> _EXERCISE INSTRUCTIONS_
The entries below contain a stretch that opens with the line containing "KERIN V NECK BOXY KNIT CARDIGAN" and closes with the line containing "Zlewozmywak granitowy Kernau"; set down that stretch exactly, both ends included, and nothing else.

> _STUDY MATERIAL_
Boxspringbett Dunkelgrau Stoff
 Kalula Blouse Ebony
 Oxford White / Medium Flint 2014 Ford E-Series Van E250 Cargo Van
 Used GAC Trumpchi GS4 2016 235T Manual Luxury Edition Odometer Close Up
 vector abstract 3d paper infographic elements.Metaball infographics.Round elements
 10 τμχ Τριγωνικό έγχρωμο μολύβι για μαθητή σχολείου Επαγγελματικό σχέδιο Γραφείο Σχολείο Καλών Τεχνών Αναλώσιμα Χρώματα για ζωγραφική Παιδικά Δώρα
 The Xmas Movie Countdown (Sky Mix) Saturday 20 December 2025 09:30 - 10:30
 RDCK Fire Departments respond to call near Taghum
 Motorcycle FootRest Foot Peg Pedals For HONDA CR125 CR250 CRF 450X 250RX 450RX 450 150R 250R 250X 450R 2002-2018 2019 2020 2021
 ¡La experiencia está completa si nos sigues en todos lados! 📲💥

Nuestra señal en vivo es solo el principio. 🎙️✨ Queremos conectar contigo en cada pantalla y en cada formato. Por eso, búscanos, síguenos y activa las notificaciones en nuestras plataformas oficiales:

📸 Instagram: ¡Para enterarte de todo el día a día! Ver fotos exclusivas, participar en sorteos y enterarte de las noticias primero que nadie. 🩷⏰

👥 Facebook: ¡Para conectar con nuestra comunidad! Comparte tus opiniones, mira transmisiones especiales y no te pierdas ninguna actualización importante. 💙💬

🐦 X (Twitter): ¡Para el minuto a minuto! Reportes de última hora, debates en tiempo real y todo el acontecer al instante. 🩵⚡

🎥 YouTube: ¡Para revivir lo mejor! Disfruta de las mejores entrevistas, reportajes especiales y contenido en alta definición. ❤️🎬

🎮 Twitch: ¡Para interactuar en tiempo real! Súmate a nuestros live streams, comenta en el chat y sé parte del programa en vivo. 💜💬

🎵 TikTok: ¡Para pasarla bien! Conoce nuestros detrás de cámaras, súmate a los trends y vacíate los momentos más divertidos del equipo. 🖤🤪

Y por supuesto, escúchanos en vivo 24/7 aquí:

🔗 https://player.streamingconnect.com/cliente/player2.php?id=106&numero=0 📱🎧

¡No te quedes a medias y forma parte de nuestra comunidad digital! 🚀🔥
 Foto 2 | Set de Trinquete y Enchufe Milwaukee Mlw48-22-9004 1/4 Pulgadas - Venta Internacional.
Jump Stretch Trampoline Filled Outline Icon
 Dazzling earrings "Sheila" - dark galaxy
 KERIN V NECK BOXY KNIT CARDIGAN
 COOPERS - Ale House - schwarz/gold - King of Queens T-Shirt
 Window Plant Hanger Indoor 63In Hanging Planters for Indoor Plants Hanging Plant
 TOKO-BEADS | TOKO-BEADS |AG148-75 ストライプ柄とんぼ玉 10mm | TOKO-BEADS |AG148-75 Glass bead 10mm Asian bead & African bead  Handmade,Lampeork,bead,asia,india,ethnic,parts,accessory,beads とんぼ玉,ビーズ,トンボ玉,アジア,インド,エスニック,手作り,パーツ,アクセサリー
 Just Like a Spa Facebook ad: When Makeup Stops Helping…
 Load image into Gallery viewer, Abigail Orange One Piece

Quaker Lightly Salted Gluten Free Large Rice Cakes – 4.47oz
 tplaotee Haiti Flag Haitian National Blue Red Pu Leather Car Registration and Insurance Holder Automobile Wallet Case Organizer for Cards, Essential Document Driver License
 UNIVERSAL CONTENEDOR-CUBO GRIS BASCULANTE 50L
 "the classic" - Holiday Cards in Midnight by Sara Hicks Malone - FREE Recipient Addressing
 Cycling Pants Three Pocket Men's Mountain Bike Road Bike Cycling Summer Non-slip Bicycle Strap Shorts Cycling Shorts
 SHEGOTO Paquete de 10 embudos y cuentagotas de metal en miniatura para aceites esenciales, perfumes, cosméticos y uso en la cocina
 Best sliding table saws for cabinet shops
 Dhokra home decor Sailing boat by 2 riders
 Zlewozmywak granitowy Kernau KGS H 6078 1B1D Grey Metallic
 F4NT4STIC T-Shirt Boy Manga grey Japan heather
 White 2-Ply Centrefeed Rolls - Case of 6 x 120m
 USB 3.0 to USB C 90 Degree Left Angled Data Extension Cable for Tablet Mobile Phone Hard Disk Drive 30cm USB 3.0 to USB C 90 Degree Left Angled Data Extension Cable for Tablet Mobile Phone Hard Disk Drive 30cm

> _REPLY TO THE EXERCISE_
 KERIN V NECK BOXY KNIT CARDIGAN
 COOPERS - Ale House - schwarz/gold - King of Queens T-Shirt
 Window Plant Hanger Indoor 63In Hanging Planters for Indoor Plants Hanging Plant
 TOKO-BEADS | TOKO-BEADS |AG148-75 ストライプ柄とんぼ玉 10mm | TOKO-BEADS |AG148-75 Glass bead 10mm Asian bead & African bead  Handmade,Lampeork,bead,asia,india,ethnic,parts,accessory,beads とんぼ玉,ビーズ,トンボ玉,アジア,インド,エスニック,手作り,パーツ,アクセサリー
 Just Like a Spa Facebook ad: When Makeup Stops Helping…
 Load image into Gallery viewer, Abigail Orange One Piece

Quaker Lightly Salted Gluten Free Large Rice Cakes – 4.47oz
 tplaotee Haiti Flag Haitian National Blue Red Pu Leather Car Registration and Insurance Holder Automobile Wallet Case Organizer for Cards, Essential Document Driver License
 UNIVERSAL CONTENEDOR-CUBO GRIS BASCULANTE 50L
 "the classic" - Holiday Cards in Midnight by Sara Hicks Malone - FREE Recipient Addressing
 Cycling Pants Three Pocket Men's Mountain Bike Road Bike Cycling Summer Non-slip Bicycle Strap Shorts Cycling Shorts
 SHEGOTO Paquete de 10 embudos y cuentagotas de metal en miniatura para aceites esenciales, perfumes, cosméticos y uso en la cocina
 Best sliding table saws for cabinet shops
 Dhokra home decor Sailing boat by 2 riders
 Zlewozmywak granitowy Kernau KGS H 6078 1B1D Grey Metallic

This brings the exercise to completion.